The immense antiquity of these pieces fills him with awe. “The monkeys come down from the tree to define themselves in such a way – it’s just unthinkable.”

The exhibition will also feature several of his films, including Human Flow (2017), about migration, and Cockroach, a stunning ­feature-length work shot in 2019 that documents Hong Kong’s last desperate convulsions of protest at the loss of its autonomy, rights and freedoms. It shows the dream of democracy dying in front of your eyes, yet it also captures the beauty and defiance of the human spirit. Drone shots depict patterns of disorder on the street, while behind-the-barricades footage captures the blood and emotion close up.

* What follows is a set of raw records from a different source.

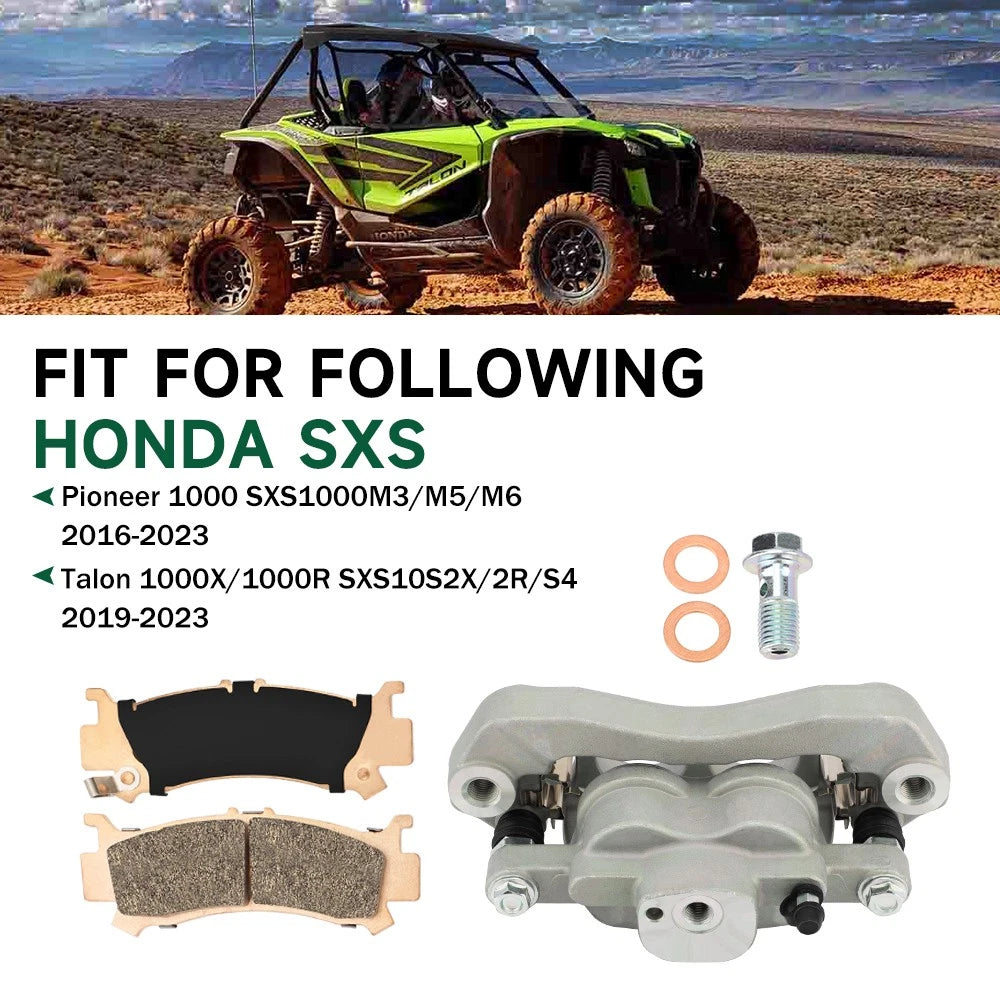 Front Left Brake Caliper w/Pads for Honda Talon 1000X/R SXS10S2X/2R/S4 (2019–2023)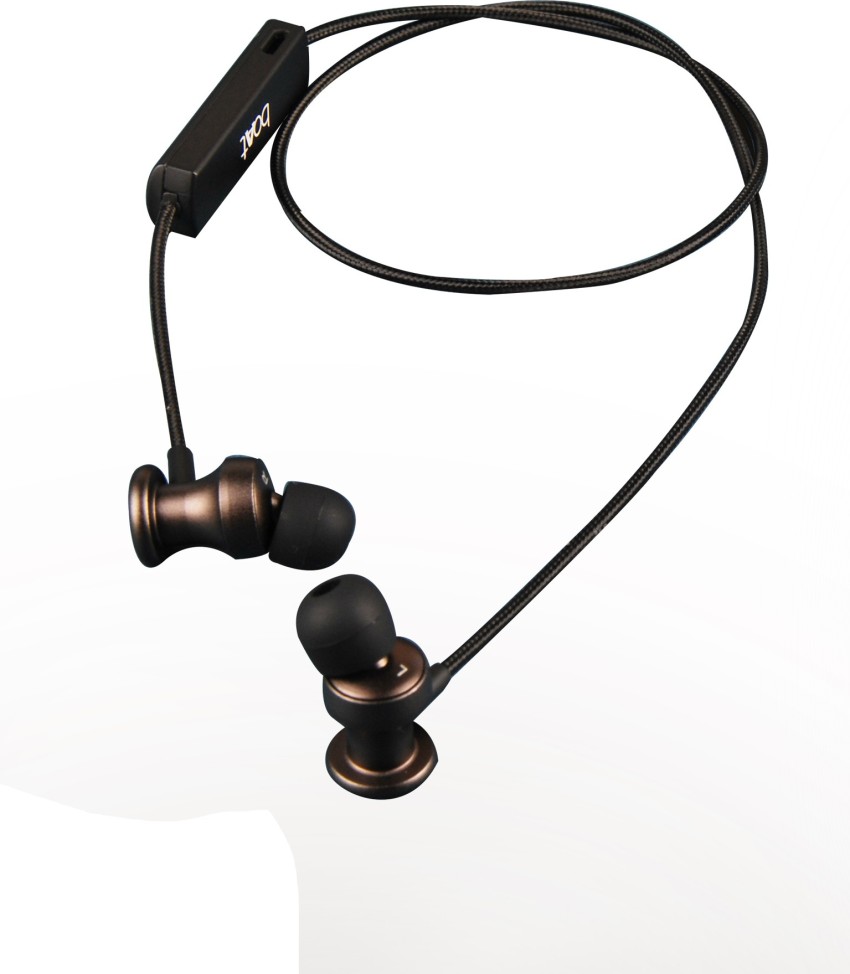 boAt Rockerz In Ear 200 Metallic Brown Wired without Mic Headset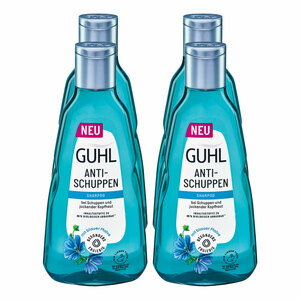 Guhl Shampoo Anti-Schuppen 250 ml, 4er Pack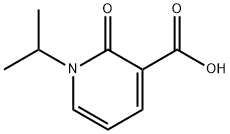 2-Oxo-1-(propan-2-yl)-1,2-dihydropyridine-3-carboxylic acid 구조식 이미지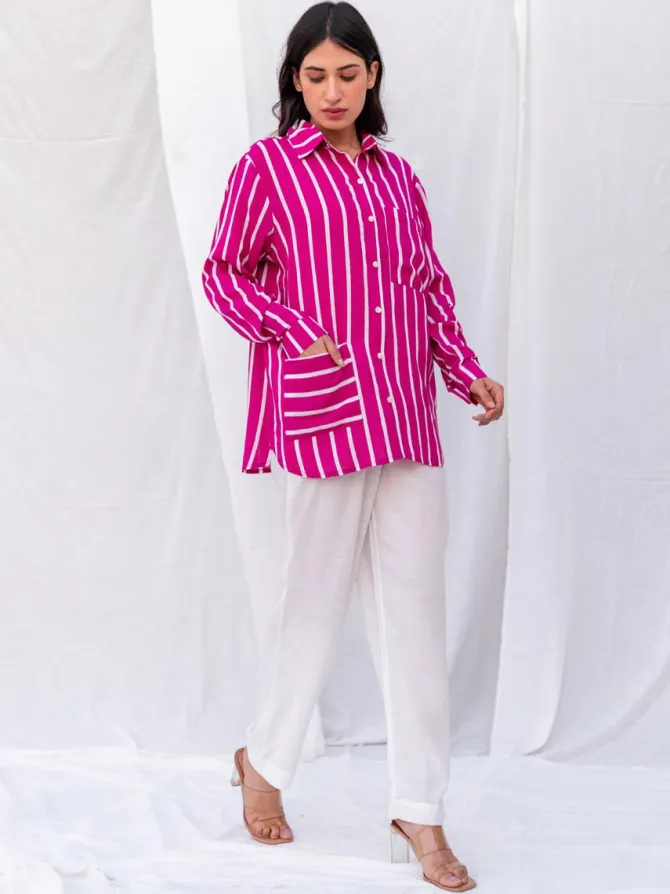 Jaipur Pink Modal Shirt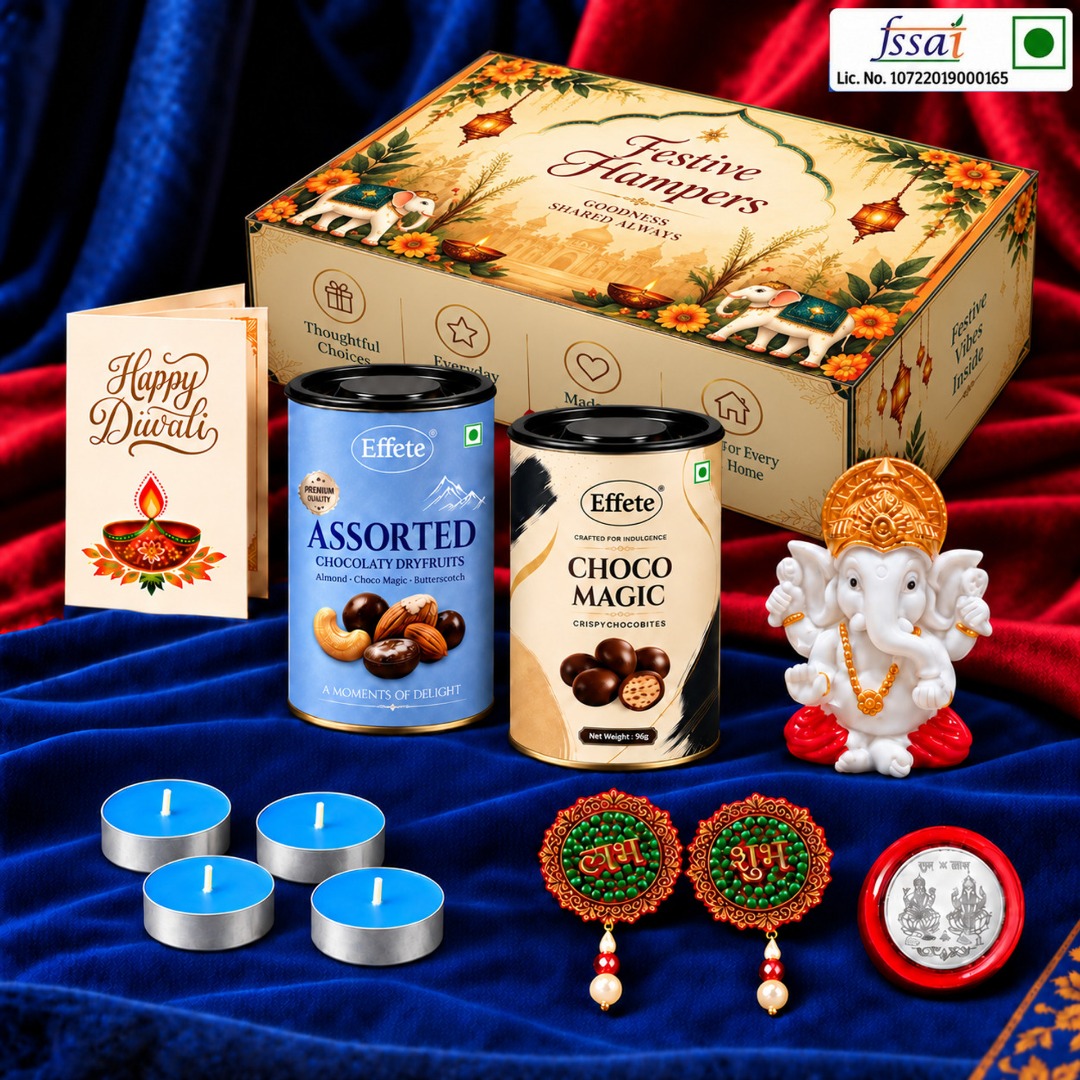 Effete Gift Hamper with Ganesha Idol | Assorted & Ch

Ai’s Surveillance Camera with Plinth, 2014 - Courtesy Ai Weiwei Studio
Ai’s Surveillance Camera with Plinth, 2014 - Courtesy Ai Weiwei Studio

Ai directed the film remotely, sending in a team with 4K digital cameras while young men and women in T-shirts – faced with tear gas, water cannons and armed police – turned to bricks and Molotov cocktails. Does Ai believe it will be the last time we see large-scale protests in Hong Kong? “Unfortunately, this is the last time, yes. This was a unique situation of young people, all educated, very rational, who made a party of resistance, a celebration that turned out to have such a tragic end, but it can never be repeated.”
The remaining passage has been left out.